──────── SUPPLIED DATA
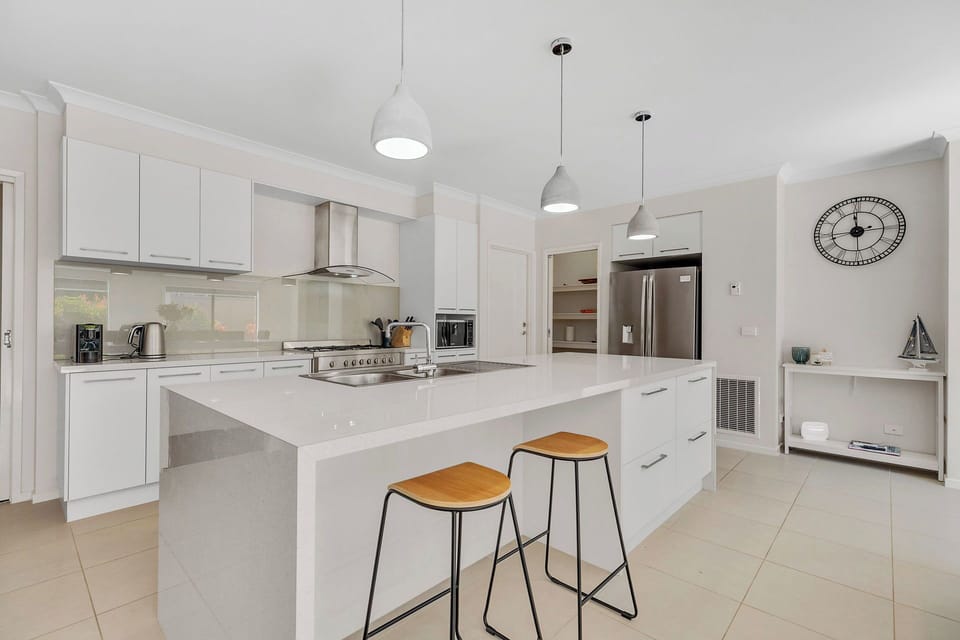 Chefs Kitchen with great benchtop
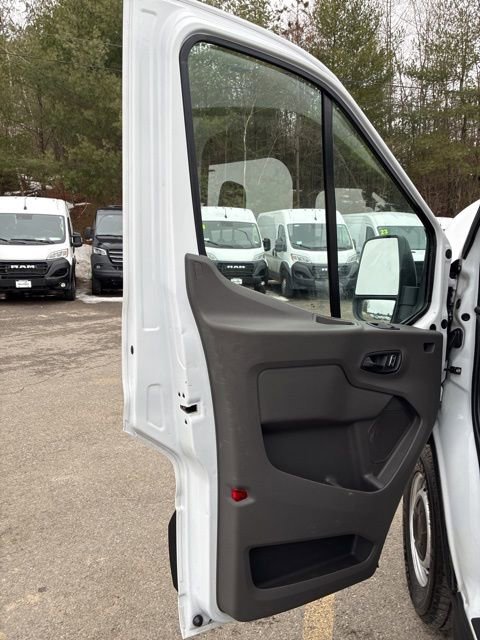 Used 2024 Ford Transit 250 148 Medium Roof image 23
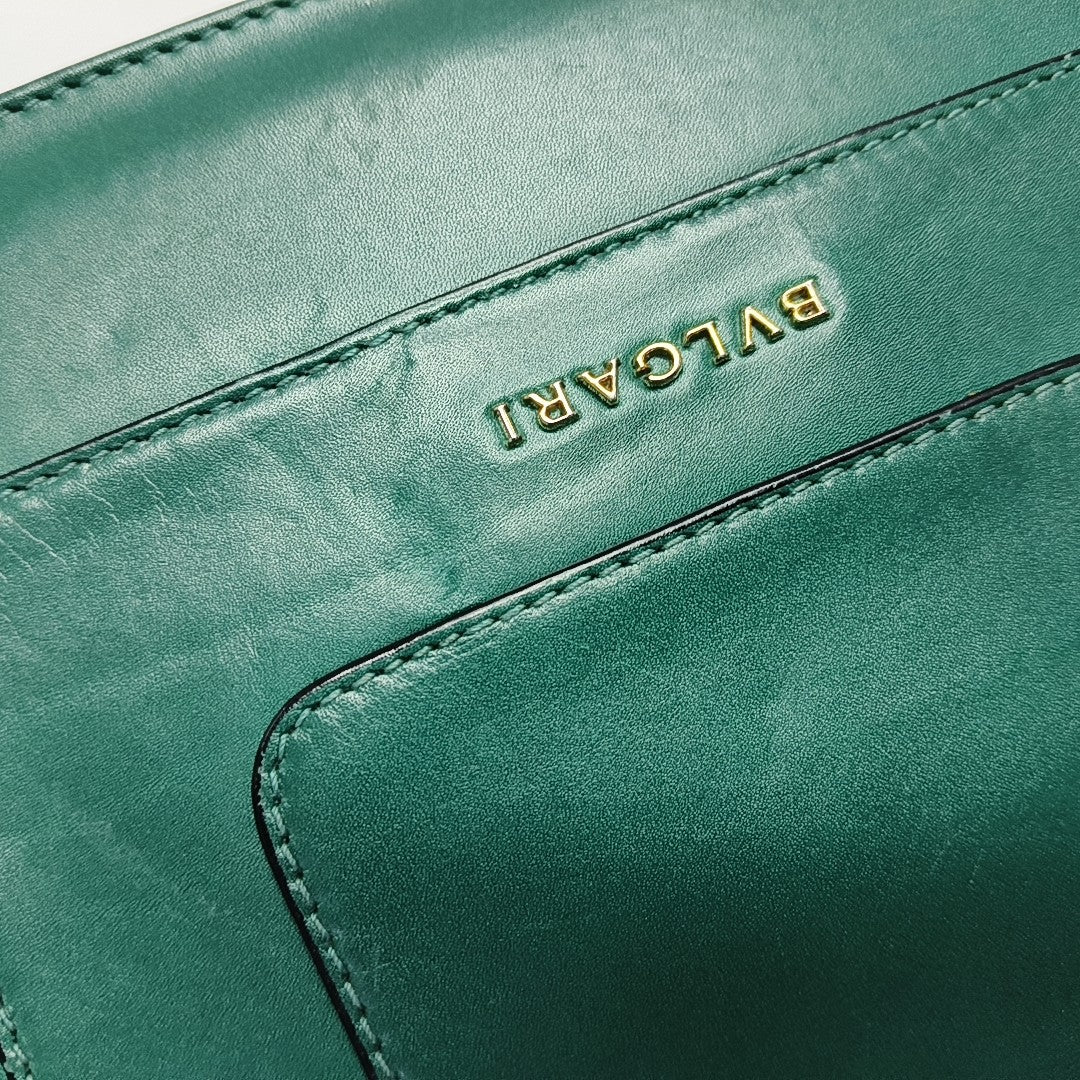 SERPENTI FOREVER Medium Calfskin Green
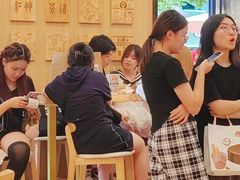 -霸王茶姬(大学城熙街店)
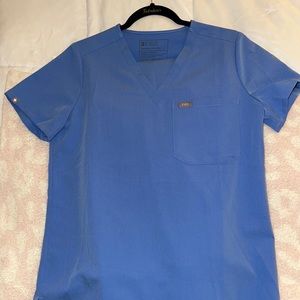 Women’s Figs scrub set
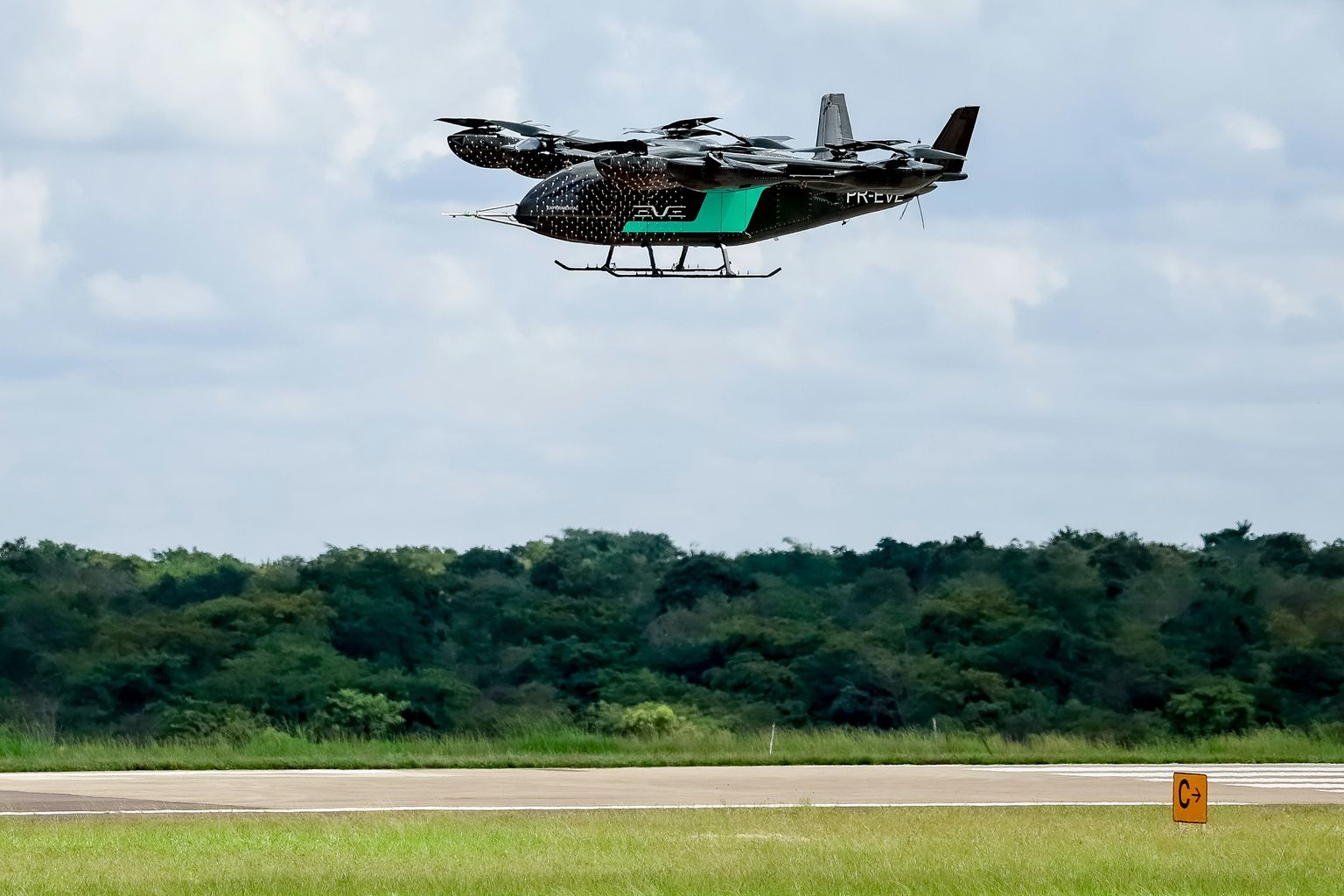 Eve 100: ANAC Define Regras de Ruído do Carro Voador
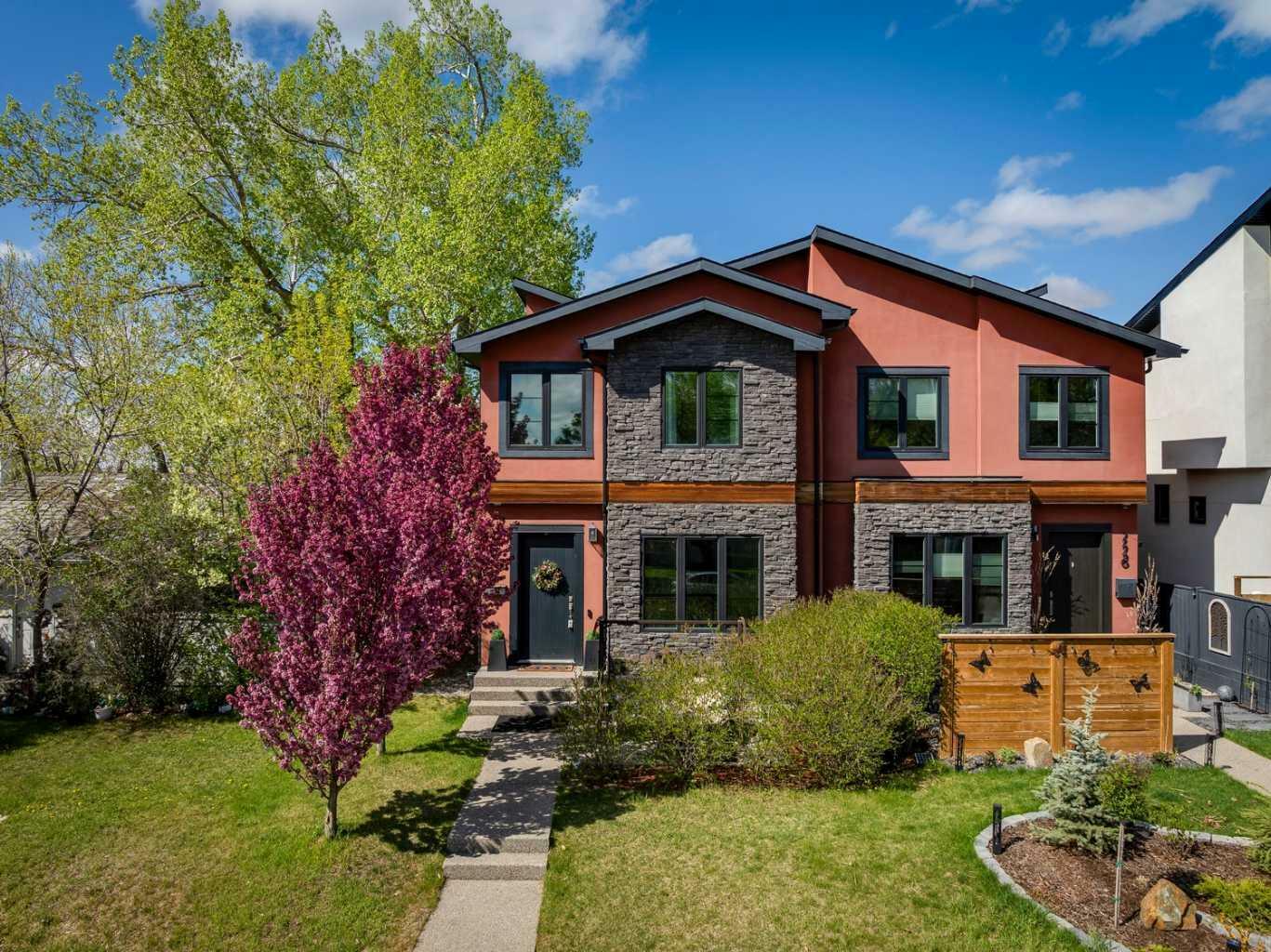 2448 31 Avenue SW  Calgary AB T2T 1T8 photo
────────────────
> BRIEF
An acceptable answer holds exactly the lines from the one with "SERPENTI FOREVER Medium Calfskin Green" through the end of the entries above, both ends kept, and no pictures at all.

> EXERCISE RESPONSE
 SERPENTI FOREVER Medium Calfskin Green
 -霸王茶姬(大学城熙街店)
 Women’s Figs scrub set
 Eve 100: ANAC Define Regras de Ruído do Carro Voador
 2448 31 Avenue SW  Calgary AB T2T 1T8 photo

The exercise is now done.